Jacobs et al evaluated the predictive value of SPECT scans for clinical outcome of 136 mTBI patients in a prospective study. None of the patients had abnormal findings on CT. All patients underwent initial SPECT scans and CT scans within 4 wks of the trauma. Follow up evaluations were performed 3, 6, and 12 months post injury. All patients with abnormal SPECT studies or deteriorating clinical findings had follow up SPECT scans performed at the subsequent time of evaluation.

The initial SPECT was positive in 54% of the patients with a gradual decrease in the number of positive scans over time. The clinical normalization occurred more rapidly than did the normalization of the imaging studies. The SPECT was shown to have high sensitivity and negative predictive value from 3 months post injury onward so that a negative early SPECT is a reliable criteria in the exclusion of clinical sequelae. A positive initial SPECT scan did not exclude a positive clinical outcome, however, a positive SPECT scan at 12 months post injury was a reliable predictor for clinical outcome (13). Golden et al showed improved blood flow as measured by sequential SPECT studies in 50 patients with chronic neurological disorders (10).

SHI Xiao -yan presented a large study of 310 patients in which the effect of HBOT on CBF as well as the usefulness of SPECT in the diagnosis and assessment of neurocognitive disorders following TBI was examined. Pre and post treatment scans were compared and the percent of positive initial SPECT scans was substantially higher than those found with CT alone (81.3% vs. 15.2%). Following HBOT 63.5% of the SPECT scans had normalized concomitant with marked improvement of the clinical symptoms of headache, dizziness, poor concentration and poor memory. An additional 36.5% of the initial positive SPECT scans showed between 33-66% improvement in CBF along with clinical improvement as well.

Proposed Study Design Sixty consenting TBI patients at any age who are at least one year post injury with stable cognitive deficits will be recruited. Any patient with previous neurological deficits, head trauma or substance abuse will be excluded as well as anyone with any contraindications for HBOT. All patients or their trustees will sign written informed consent before their inclusion and the study protocol will be approved by the local Helsinki committee.

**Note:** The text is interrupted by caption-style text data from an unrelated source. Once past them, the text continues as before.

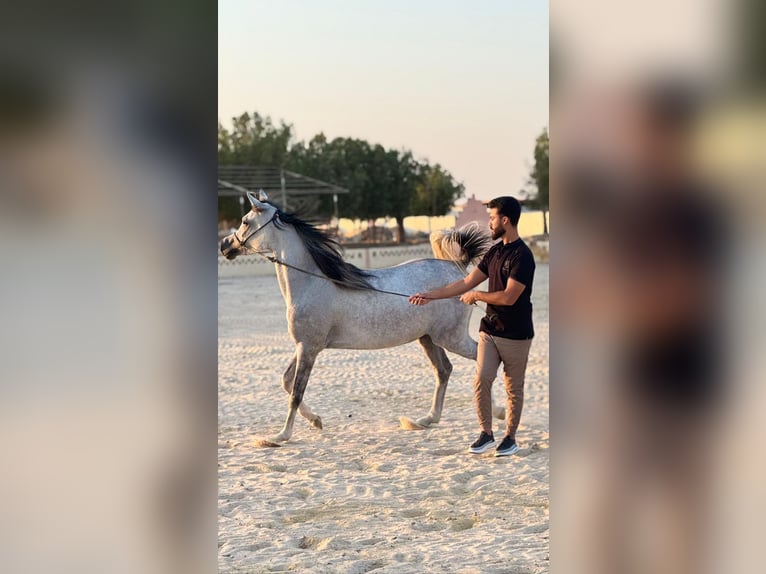 Pur-sang arabe Jument 5 Ans Gris in Hurghada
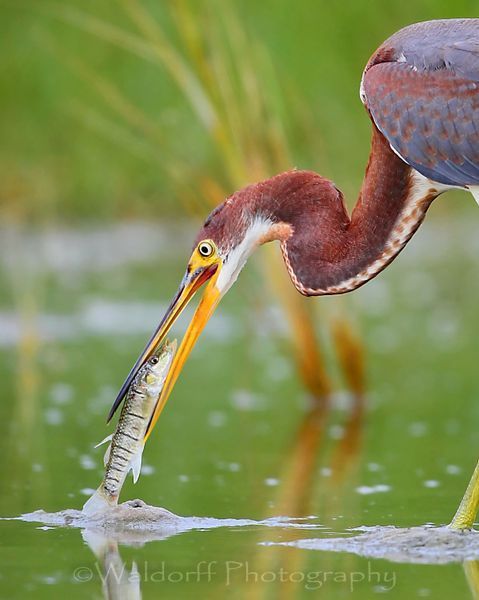 So THIS is how it Ends!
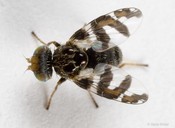 Procecidochares minuta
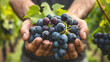 © Dolgren - Grapes Held by Gentle Hands, Harvest time, a stage in the wine-making process, les vendanges, grape harvesting, a seasonal job.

Patients will be excluded if they will have one of the following criteria:

  1. Had been treated with HBOT for any indiction prior to their inclusion.
  2. Have any other indication for HBOT
  3. Chest pathology incompatible with pressure changes
  4. Inner ear disease
  5. Patients suffering from claustrophobia.
  6. Inability to give written informed consent by the patient or his trustee. A complete history including medical and concurrent medications will be recorded. Patients will undergo evaluation of activities of daily living (ADL), physical examination, neurocognitive testing and SPECT scan will be performed at baseline. Mild traumatic brain injury will be defined according to the 1993 American Congress of Rehabilitation Medicine definition as a head trauma with loss of consciousness lasting less than 30 minutes, a Glasgow Coma Score (GCS) score of 13 or more, and posttraumatic amnesia lasting less than 24 hours. (Kay et al).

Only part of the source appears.